I first met Shannon Kimball back in the 2010/2011 school year when we both served on the USD 497 Elementary School Vision Task Force. As we weren’t on the same subcommittee, getting to know her better would come later. Though as things turned out, it wasn’t much later. Shortly after the task force had made its final set of recommendations Shannon reached out and asked to meet for coffee. She had decided to run for school board and was hoping to get my endorsement as a fellow task force member. One of the things that convinced me to endorse her was the sense of possibility she felt for the district and our community’s students.
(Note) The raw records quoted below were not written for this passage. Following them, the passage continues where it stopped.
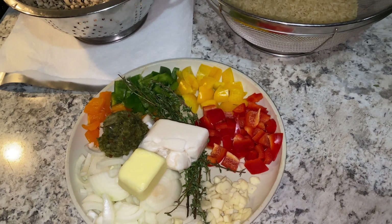Alright, so let's get started. My pot is on, it's not yet hot, but I'm going to let it heat up a bit, and then I'm going to start off with my butter and let it start to melt a bit, and then add in my aromatics. So my pot is just about ready and I'm going to add my butter.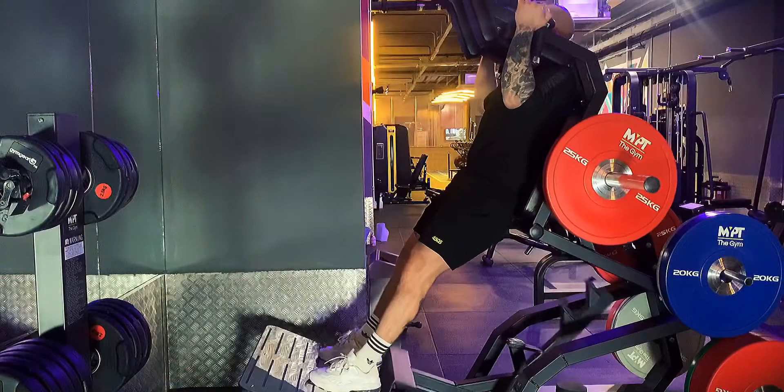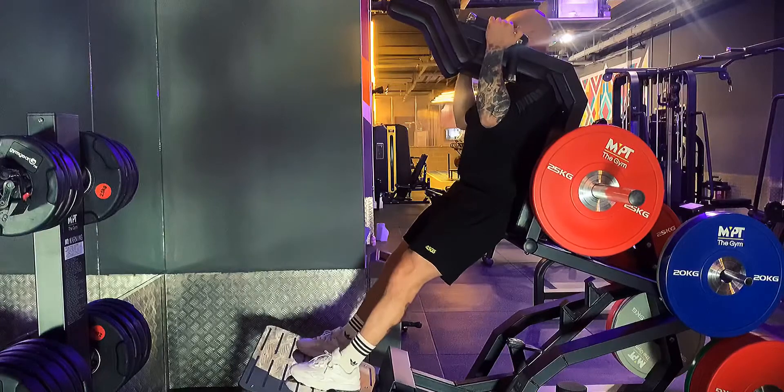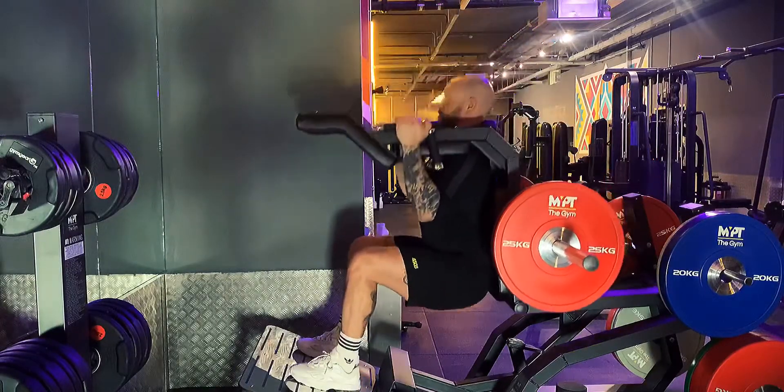Starting with our back flat on the backrest and our shoulders on the shoulder pads with feet hip width apart, we're going to push up and release the safety rack.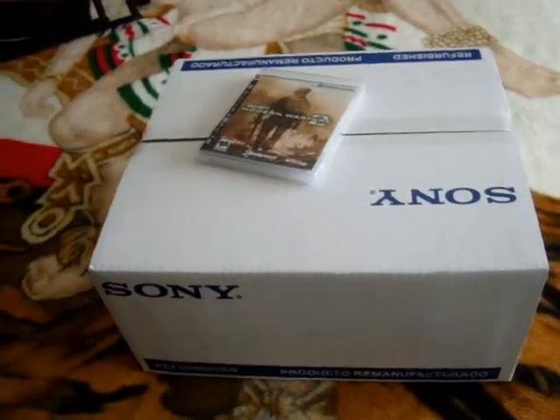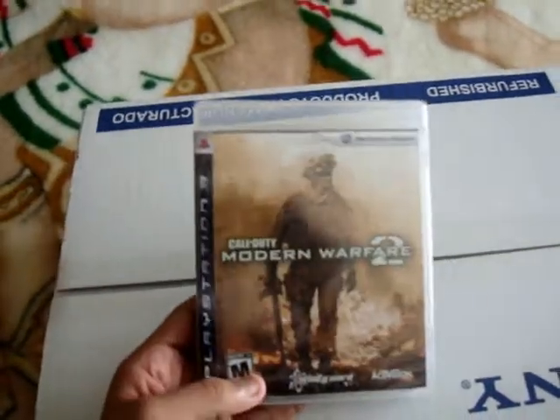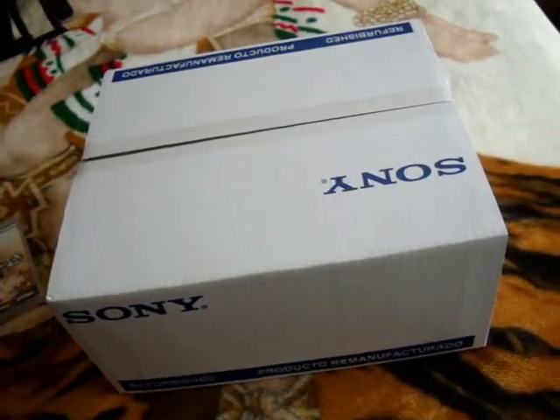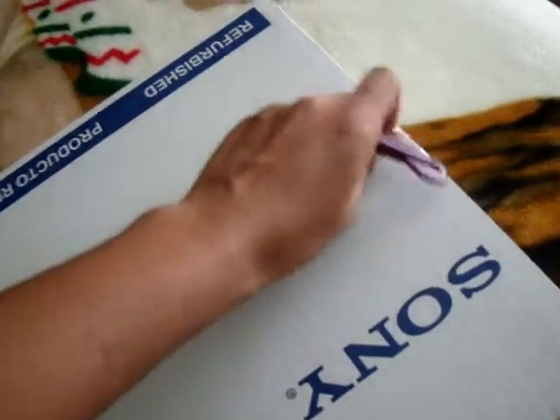Well, finally, I got my PS3 and Modern Warfare 2 for the PlayStation 3. I know this is not the original PlayStation box, but hey, I got it. Bear with me. So I'm going to unbox it right now.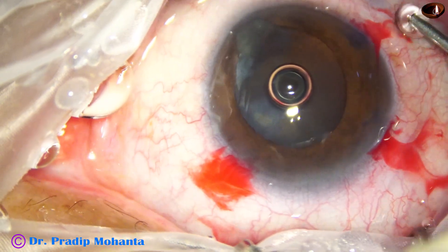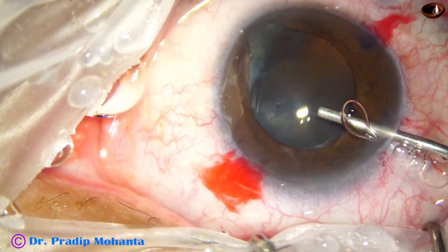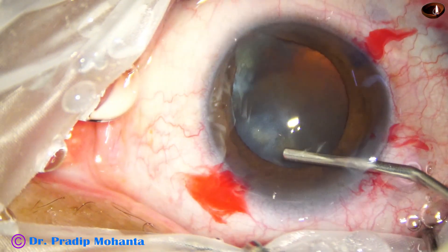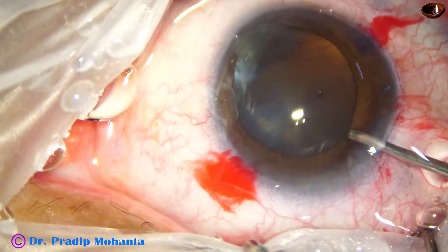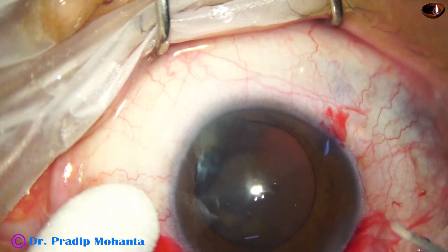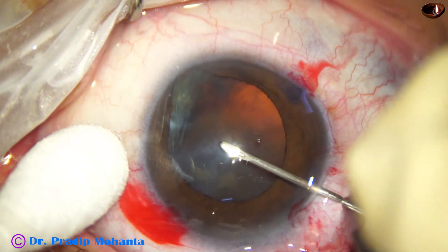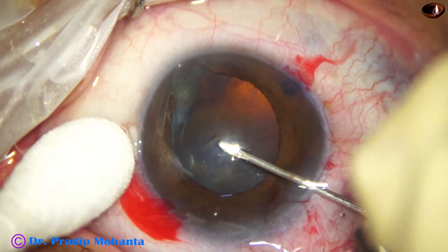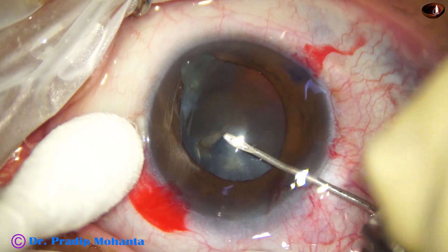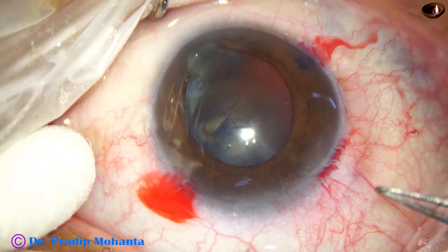The anterior chamber is now filled up with 2% hydroxypropyl methyl cellulose. Now capsulorrhexis is to be done. I am taking a needle to incise the anterior capsule and create a capsular tag. And now I use the utrata forceps.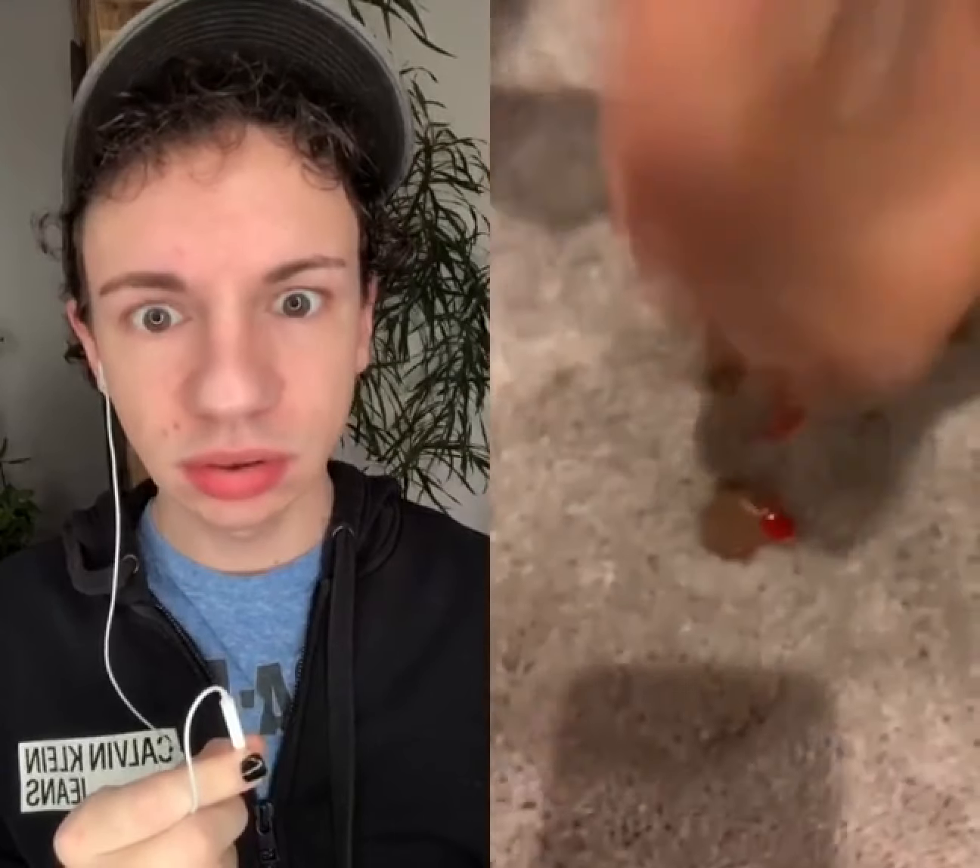Oh no, I got Hershey Kisses with strawberry filling in my carpet. I'm going to show you how to get it out.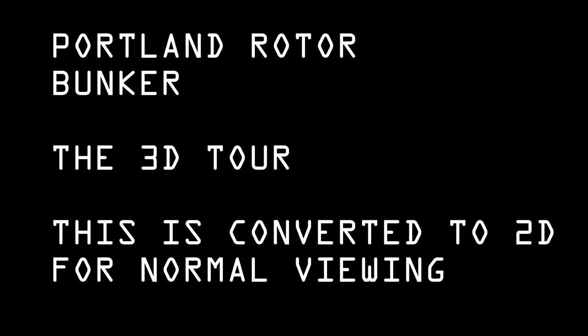This is the Portland Rotor Bunker. This is a second walkthrough done with a 3D camera. The 3D versions are available in side-by-side, top-and-bottom, and red-cyan formats. This is a conversion from 3D back to normal 2D so everyone can watch without glasses. However, I'd recommend watching the big version, which is longer and has graphics and more material. This is just a short tour done in 3D — thanks very much. Right then, folks.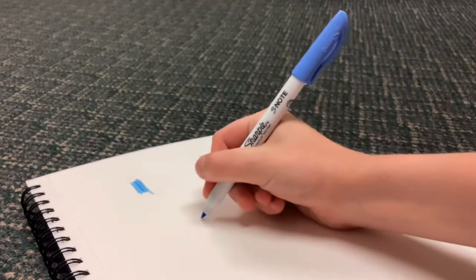Does it fade through the paper? No, it does not fade through — it's not a bleed-through type of marker. Perfectly good. Let's start to write with these — I think the writing is what matters.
Having a sense of possibility that is rooted in curiosity and prosociality, feeling empathy for the struggles of students, their families and teachers as well as joy for their successes and even the process of governing itself are all important for a school board member. From our conversations, I felt that Shannon had this sense of possibility. I had already started seeing her ability to analyze data and other available information, hear the concerns of community members, teachers, and students, weigh the pros and cons, and then come to what she felt was the best conclusion to benefit all of our community’s students given the evidence provided. She seemed able to not only balance the practical and the possible, but to also creatively weave possibilities out of the constraints of the practical; while still recognizing those constraints often need changing themselves.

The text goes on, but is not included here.